For example, for a multi-level knowledge graph of the separation styrene process, we know that < reactor pressure value, influence, separator pressure value > is the correct knowledge, we remove one of the entities of the triplet to make the triplet < reactor pressure value, influence,? By considering the projE model of semantic information, it is predicted whether the missing entity in the triplet is a separator pressure value. One entity of the multiple groups of triples is removed, and if the ProjE model taking semantic information into consideration can accurately predict that the missing entities are the entities in the original triples, the constructed multi-level knowledge graph is higher in quality.

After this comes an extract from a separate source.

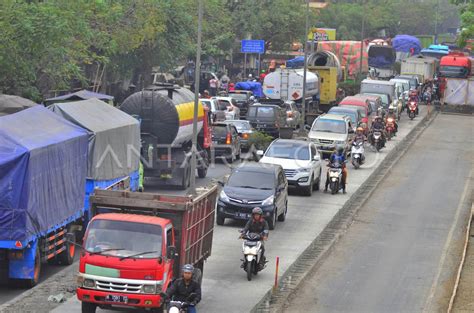 KEMACETAN JALUR PANTURA ANTARA Foto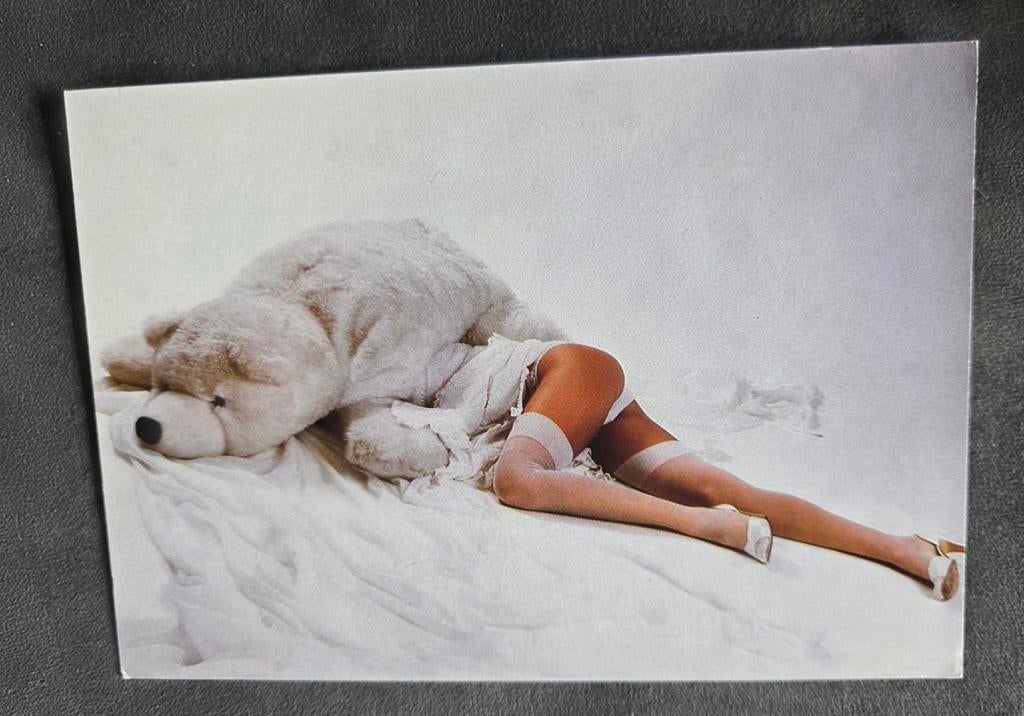 Sexy vrouw in lingerie onder teddybeer, Verzenden, 1980 tot heden, Ongelopen, Overige thema's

Fig. 1 is a schematic diagram of a multi-level knowledge graph proposed in the present disclosure. The multi-level knowledge graph which is to be constructed in the disclosure is shown in fig. 1, the knowledge graph is divided into different levels, and meanwhile, the levels are associated with each other.

Fig. 2 is a schematic diagram of multi-level knowledge graph data acquisition in the chemical field according to the present disclosure.

The working steps are as follows: the data acquisition procedure is divided into four modules: the system comprises a scheduling module (a link request needing to be crawled next), a crawler module (extracting needed data and a link needing to be crawled next), a downloading module (linking with the Internet and acquiring a webpage response), and a data processing module (processing the crawled data).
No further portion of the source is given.